Thanks to Fifty Shades of Grey, the general public's perception of BDSM tends to be ill-informed, reductive, and unhealthy - worlds apart from the reality of a community that embeds enthusiastic consent, trust, and safety into practices that often involve intense but controlled pain.Įarly psychoanalysts like Sigmund Freud categorized BDSM as nothing short of a mental illness. To the uninitiated, it's easy to discount BDSM as salacious, or even deranged and dangerous. Evidence is starting to support what many practitioners already innately knew: BDSM can be powerfully meditative, with positive psychological effects that go far beyond just sexual satisfaction.

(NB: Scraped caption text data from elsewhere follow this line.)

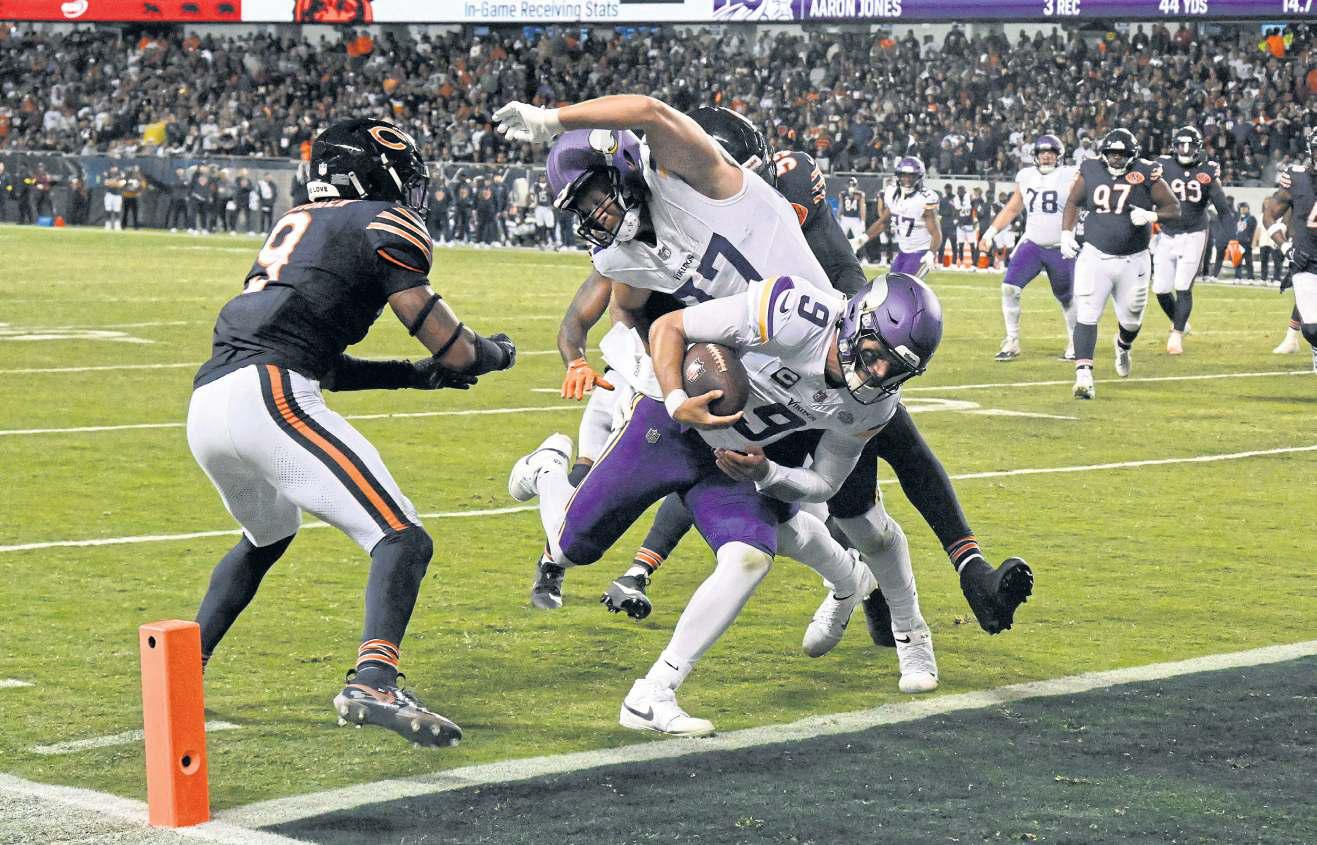 Vikings reigns as McCarthy sparks late rally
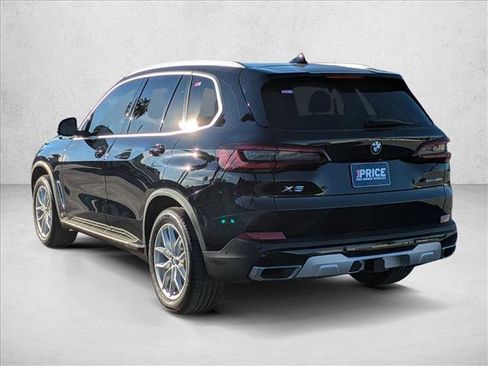 Used 2022 BMW X5 sDrive40i w/ Parking Assistance Package image 8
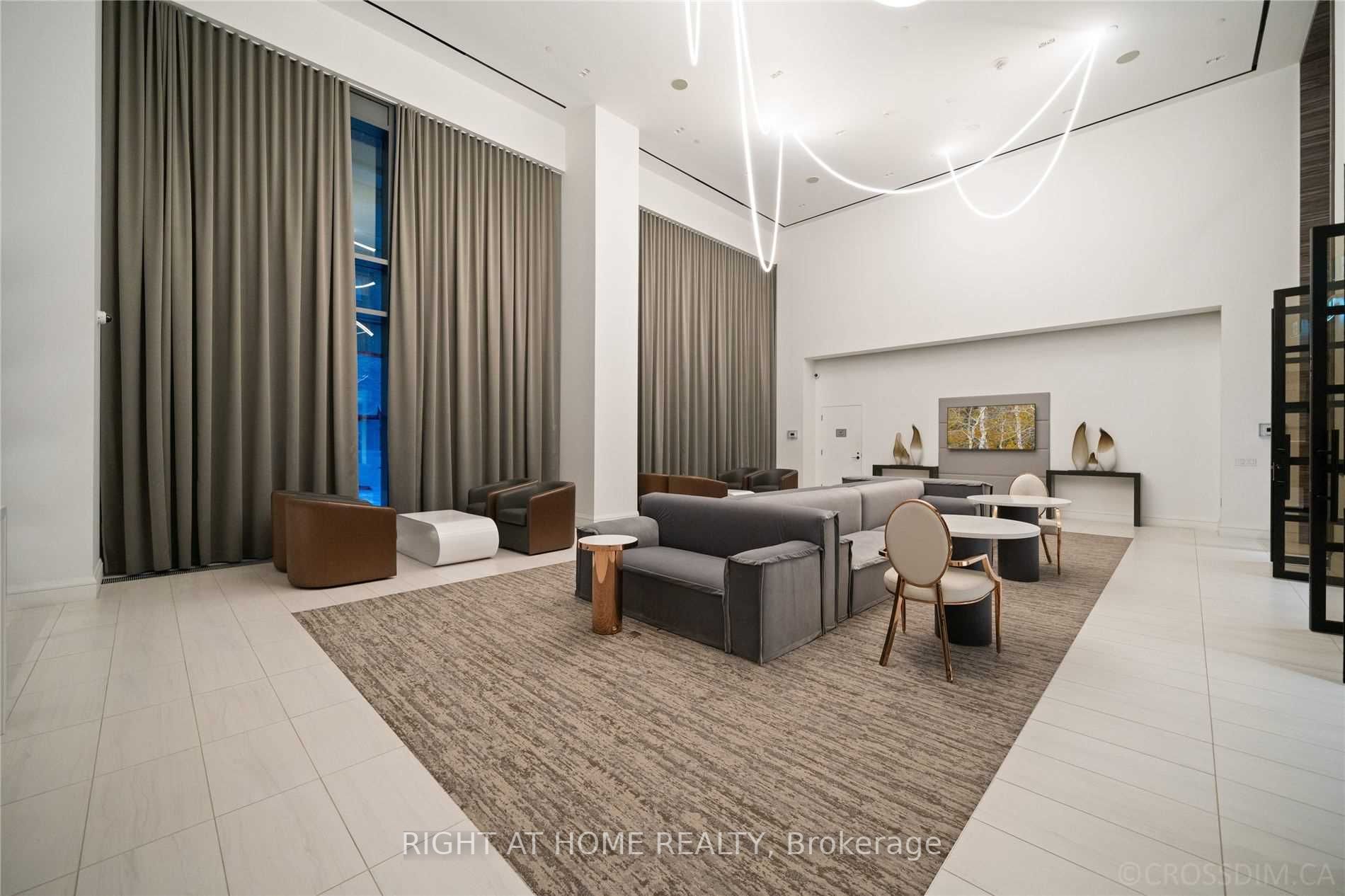 39 Roehampton Ave 314
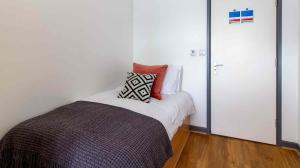 Bronze Single Room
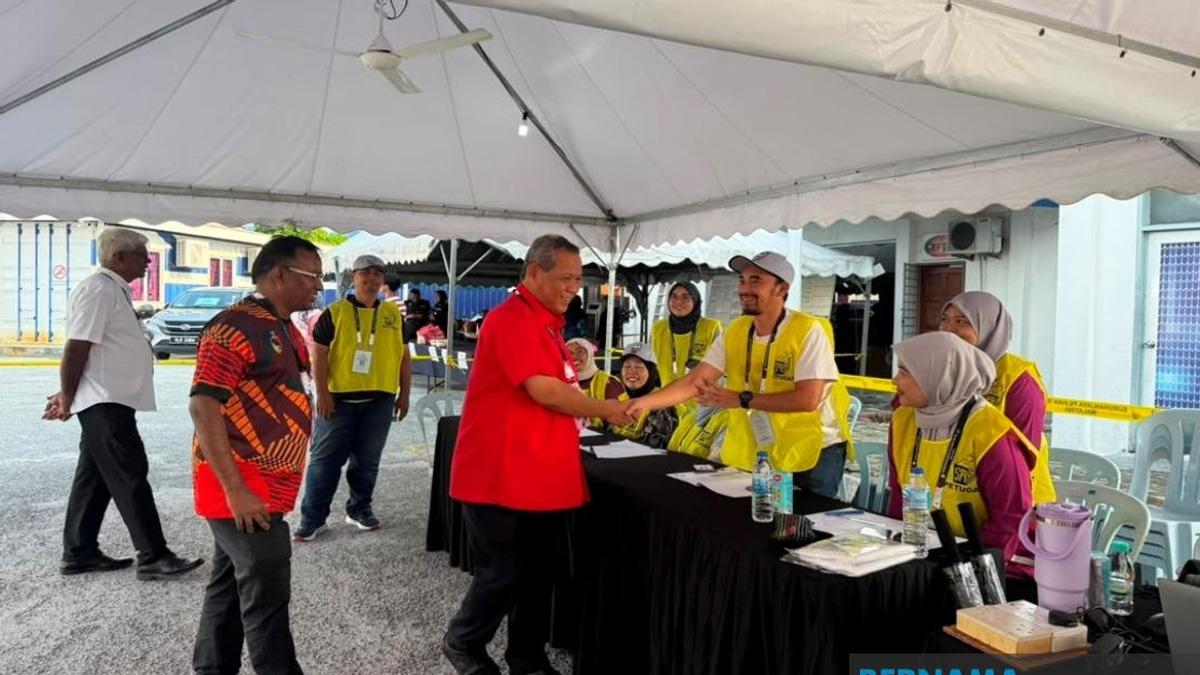 Negeri Sembilan Election: Candidates Monitor Early Voting as Process Unfolds Smoothly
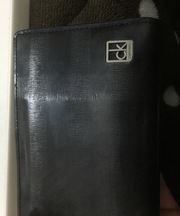 CKの折りたたみ財布 黒色の画像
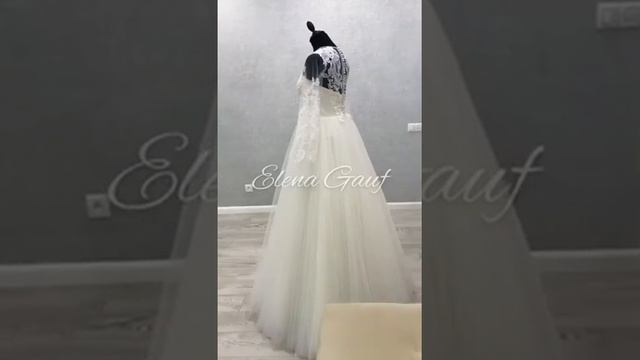 Винтажное свадебное платье с воздушными рукавами расшитое кружевом.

Though in its nascent stages, BDSM research is finding similarities between BDSM and mindfulness and other forms of meditation, especially in the context of heightened awareness and relaxing altered states of mind. These probably aren't the kind of activities you associate with meditation and mindfulness, let alone spirituality.īut if you ask those who practice consensual BDSM (meaning bondage/discipline, dominance/submission and sadism/masochism) - along with the researchers who study it and mindful sex - a connection between these seemingly disparate practices actually makes a lot of sense.
Whips, handcuffs, blindfolds, ropes, flogging, spanking. Because even in the time of coronavirus, March doesn't have to be madness.
#THE SIMS 3 KINKY WORLD DOMINATION AND SUBMISSION SERIES#
March Mindfulness is Mashable's series that examines the intersection of meditation practice and technology.